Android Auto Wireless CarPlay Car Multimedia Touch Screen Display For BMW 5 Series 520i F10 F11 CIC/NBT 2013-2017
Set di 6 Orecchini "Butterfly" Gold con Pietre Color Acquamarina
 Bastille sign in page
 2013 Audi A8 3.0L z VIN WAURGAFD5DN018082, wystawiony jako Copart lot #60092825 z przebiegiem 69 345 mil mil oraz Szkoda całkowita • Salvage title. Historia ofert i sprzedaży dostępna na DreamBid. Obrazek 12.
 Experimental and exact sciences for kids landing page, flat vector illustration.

┄┄┄┄┄┄┄┄┄┄┄┄┄┄┄┄┄┄┄┄

--- Directions for this task ---
Filter the records above down to the lines that hold the string "page".

--- Result below ---
 Bastille sign in page
 Experimental and exact sciences for kids landing page, flat vector illustration.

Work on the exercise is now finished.